Field-induced disorder point in noncollinear Ising spin chains

We perform a theoretical study of a noncollinear Ising ferrimagnetic spin chain inspired by the compound $\mathrm{Co}{\left(\mathrm{hfac}\right)}_2\mathrm{NITPhOMe}$. The basic building block of its structure contains one cobalt ion and one organic radical each with a spin $1∕2$. The exchange interaction is strongly anisotropic and the corresponding axes of anisotropy have a period three helical structure. We introduce and solve a model Hamiltonian for this spin chain. We show that the present compound is very close to a so-called disorder point at which there is a massive ground state degeneracy.

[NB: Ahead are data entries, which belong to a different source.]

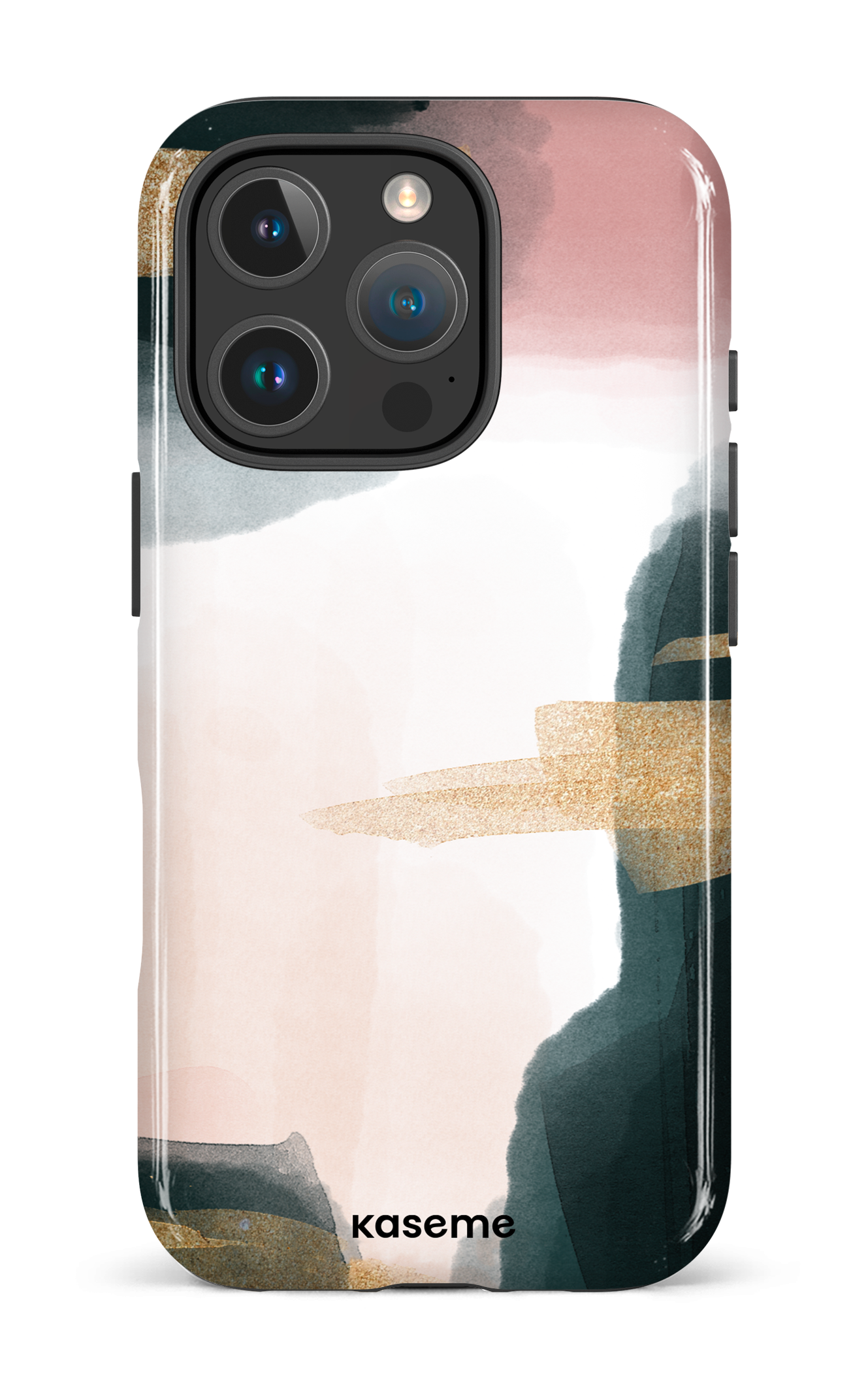 iPhone 16 Pro Impact Case Shimmer -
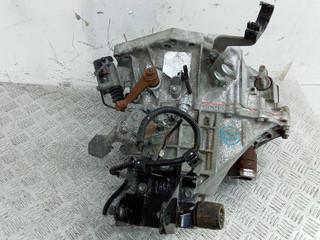 КПП механическая (МКПП) Toyota Yaris XP9 2007, 1.3 л., бензин, МКПП, L9MHD4
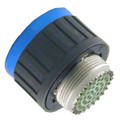 D38999/26MD35SNL - CONN PLG HSG FMALE 37POS INLINE
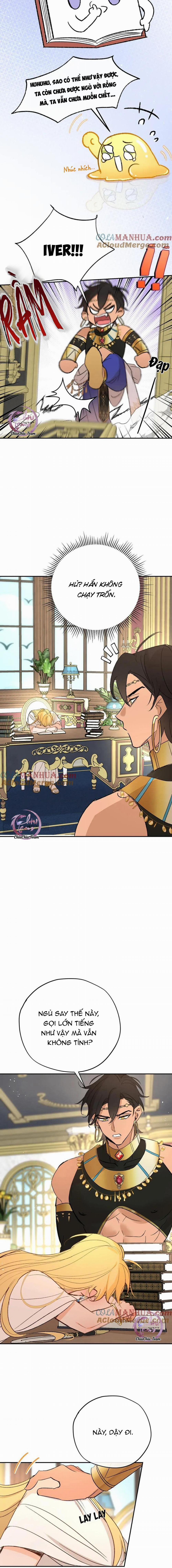 Mong Ước Của Thần Quan Là Được Cưỡi Ác Long Thiên Cổ 10 ❌HÔN❌ trang 3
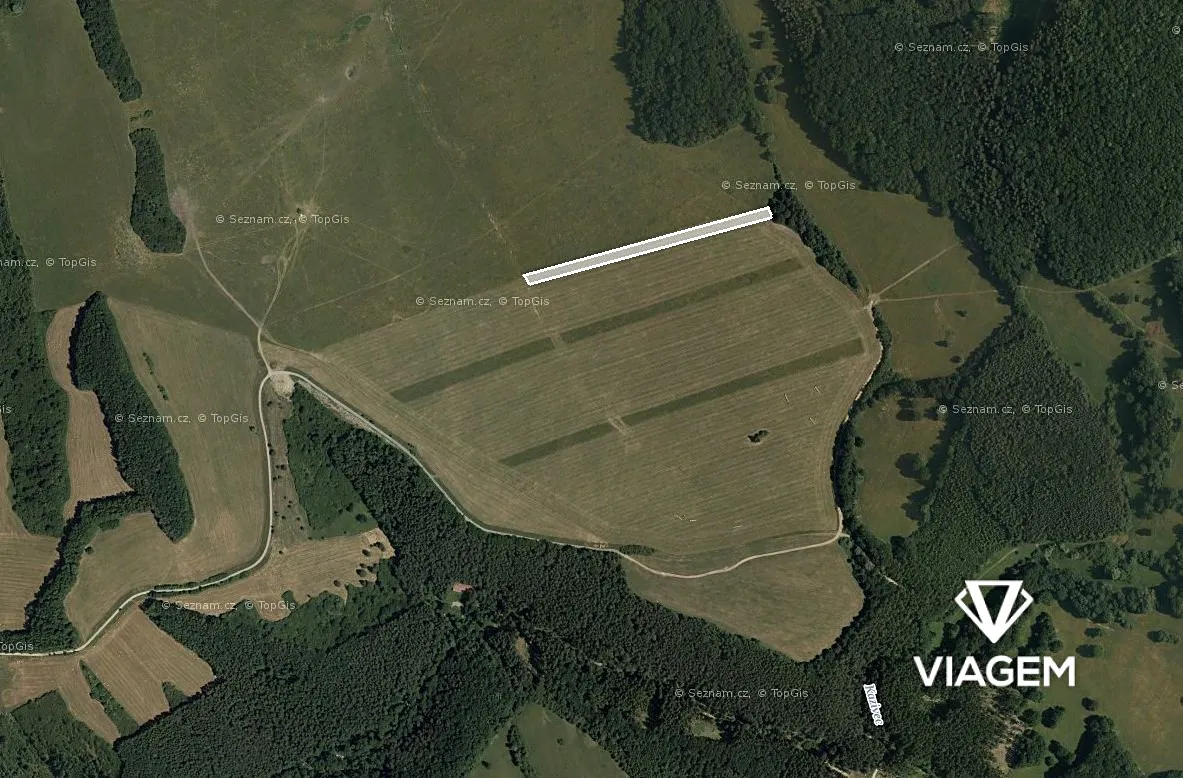 Prodej podílu 3/4 pole 2848 m²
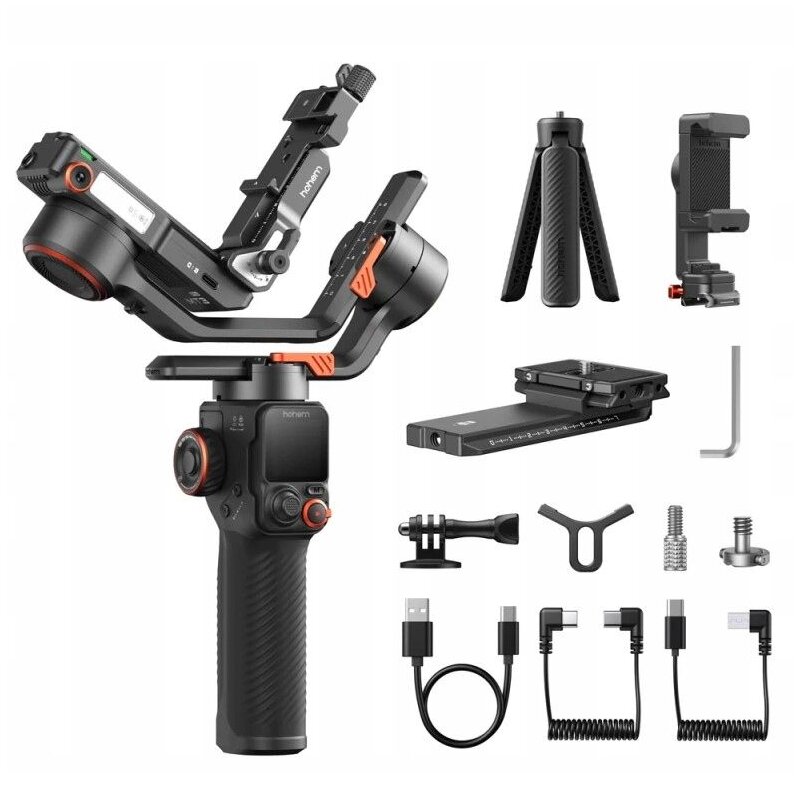 Gimbal HOHEM iSteady MT3 Pro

We predict the equilibrium magnetization process and discuss the impact of the degeneracy on the dynamical properties by using arguments based on the Glauber dynamics.

Figure 1

The helical structure of the 1D magnet CoPhOMe. Each anisotropic center has a local axis of anisotropy ${\widehat{\mathbf{z}}}_i$. These axes are all tilted by a common angle $\theta$ with respect to the chain axis $\underset{̱}{c}$. The angle between the projections of ${\widehat{\mathbf{z}}}_i$ and ${\widehat{\mathbf{z}}}_{i+1}$ on the plane perpendicular to $\underset{̱}{c}$ is equal to $2\pi ∕3$.

Figure 2

The helical structure of CoPhOMe as seen from the chain axis of symmetry. The anisotropic cobalt ions are depicted as ellipsoids and the radical as spheres.

Figure 3

The critical field between F and AF ground states as a function of the angle $\theta$ for $g_{\mathrm{iso}}=2$ and $g_{\mathrm{ani}}=9.5$, 9, 8.5, 8, 7.5, 7 from bottom to top.

Figure 4

Ground state magnetization curve for $\theta =50°$, 55°, 60°, 65°. We use $g_{\mathrm{ani}}=9$ and $g_{\mathrm{iso}}=2$ as appropriate for CoPhOMe.

Figure 5

Dependence upon the angle $\theta$ of the cobalt correlation length $\xi$ in zero field for temperatures given by $J∕T=2$, 1.5, 1, 0.5 from top to bottom.

Figure 6

Disorder field dependence on $T$ for $\theta =44°$, 46°, 48°, 50°, 52°, 54° from top to bottom.

Figure 7

Correlation length as a function of $h∕J=\mid {\mu }_B\mid B∕J$ for $J∕T=0.5$ and $\theta =52°$, 53°, 54°, ${\theta }_c$.